§ **Problem details**: Only the lines from the one containing "Collier en acier" to the end of the data should be copied, exactly and without pictures.

§ **Dataset content**:
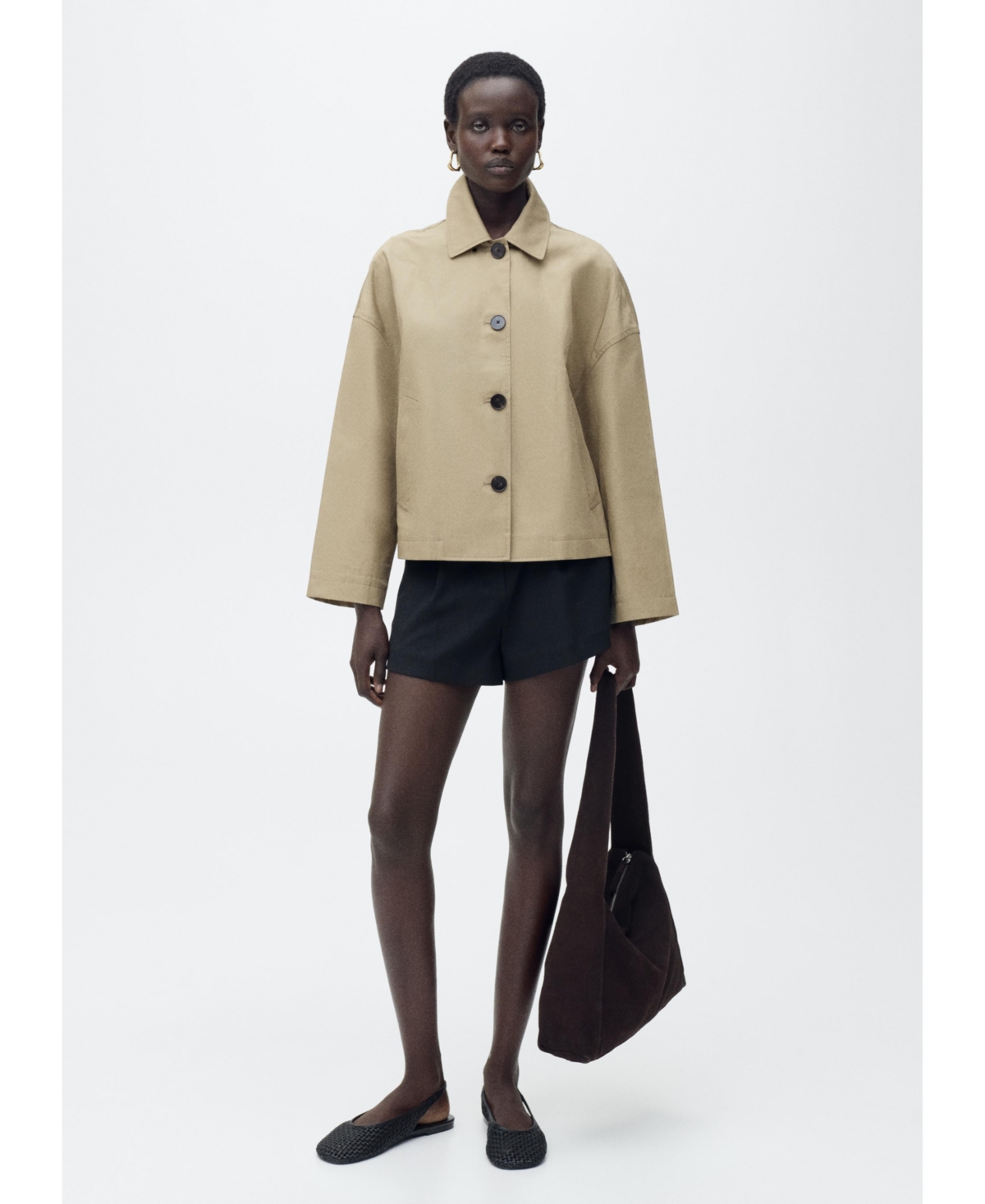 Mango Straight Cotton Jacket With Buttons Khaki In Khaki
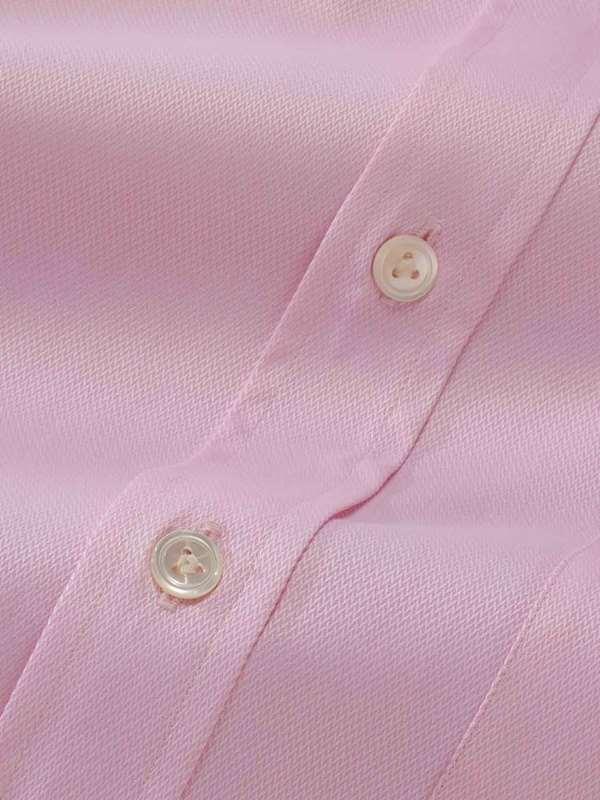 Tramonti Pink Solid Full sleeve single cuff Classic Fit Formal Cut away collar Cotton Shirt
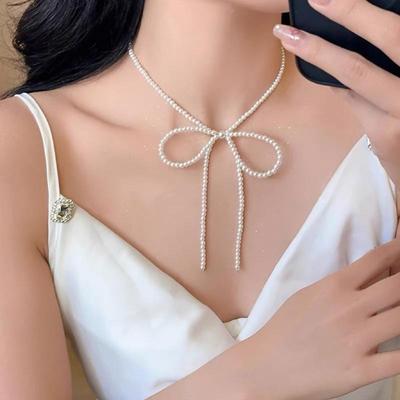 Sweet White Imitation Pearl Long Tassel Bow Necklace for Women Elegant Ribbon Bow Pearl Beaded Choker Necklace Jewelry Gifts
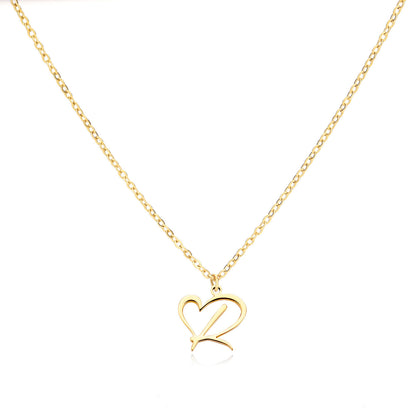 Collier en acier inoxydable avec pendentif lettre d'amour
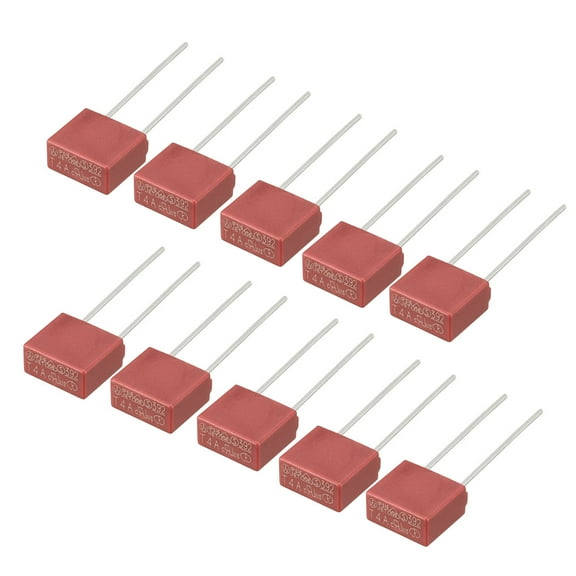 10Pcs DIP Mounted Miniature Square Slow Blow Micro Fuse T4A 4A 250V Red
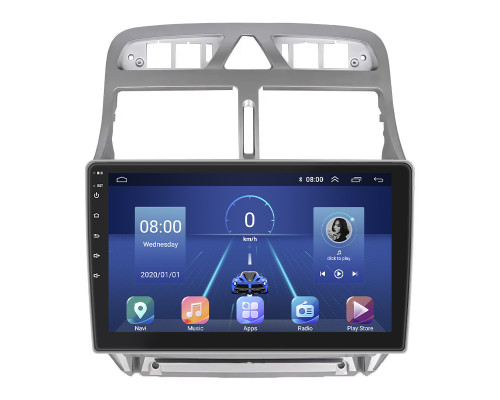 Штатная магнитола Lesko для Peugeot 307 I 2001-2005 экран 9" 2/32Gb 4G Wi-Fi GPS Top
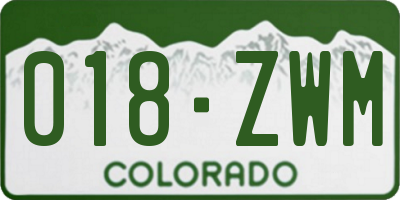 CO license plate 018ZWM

§ **Output below**:
 Collier en acier inoxydable avec pendentif lettre d'amour
 10Pcs DIP Mounted Miniature Square Slow Blow Micro Fuse T4A 4A 250V Red
 Штатная магнитола Lesko для Peugeot 307 I 2001-2005 экран 9" 2/32Gb 4G Wi-Fi GPS Top
 CO license plate 018ZWM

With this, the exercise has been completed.